Un travail tranquille auprès du patron de l’Agence Havas, Edouard Lebey, lui laisse pourtant une liberté qu’il pourrait mettre à profit pour publier. Non, rien ne sort. Il en devient ironique :  » Une auréole inclassable de non production me rend le plus authentique des génies. Que peut-on comparer à ce que je n’ai point fait – et encore mieux à ce que je n’ai nulle intention de faire ? »

Et pourtant, chaque nuit, sa plume court sur le papier, alerte, prolongement d’un esprit vif, d’une immense culture, d’une réflexion aiguisée sur la vie, notre époque ou le monde des arts et des lettres.

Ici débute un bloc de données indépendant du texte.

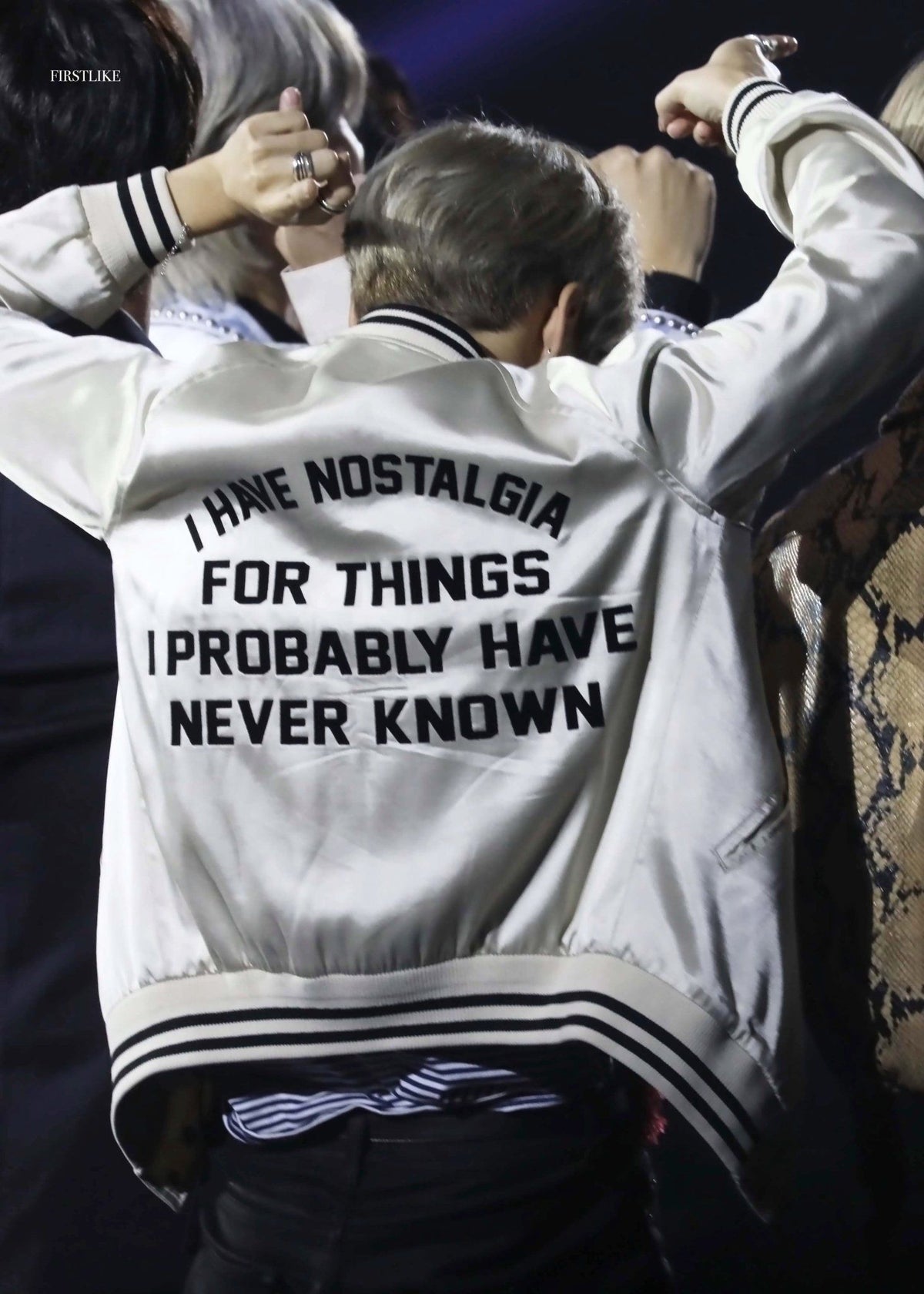 Jimin with hands up wearing his nostalgia bomber jacket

Je prends quelques pages que me laisse brièvement déchiffrer Paul. Je tombe sur cet aphorisme :  » Il fallait être Newton pour apercevoir que la lune tombe, quand tout le monde voit bien qu’elle ne tombe pas » . Plus loin, je prononce à voix basse :  » Un objet, un jour, ne tomba pas. Il demeura seul de son espèce, suspendu à un mètre du sol. Personne n’y comprend rien. On construisit un temple autour de lui.  »

Puis, une courte poésie suivie d’une réflexion (assassine) sur Edmond Rostand et précédée d’une vingtaine de lignes sur la sensation de liberté. Un bric à brac génial, totalement caché aux yeux de tous.

Je m’écrie :

– Mais, vous pouvez publier tout cela ! L’équipe de la NRF vous aidera à remettre ces éléments en forme !

Le regard de Paul, infiniment doux, compréhensif pour mon esprit qu’il doit trouver encore trop peu délié, se durcit très légèrement pendant que son index se couche sur des lèvres qui ne veulent pas trop en dire.

Je continue pourtant :

– Mais vous n’aimez pas ce que vous écrivez ?

Avec sa voix un peu voilée de fumeur, il me rétorque :

– Plaire à soi est orgueil, aux autres, vanité.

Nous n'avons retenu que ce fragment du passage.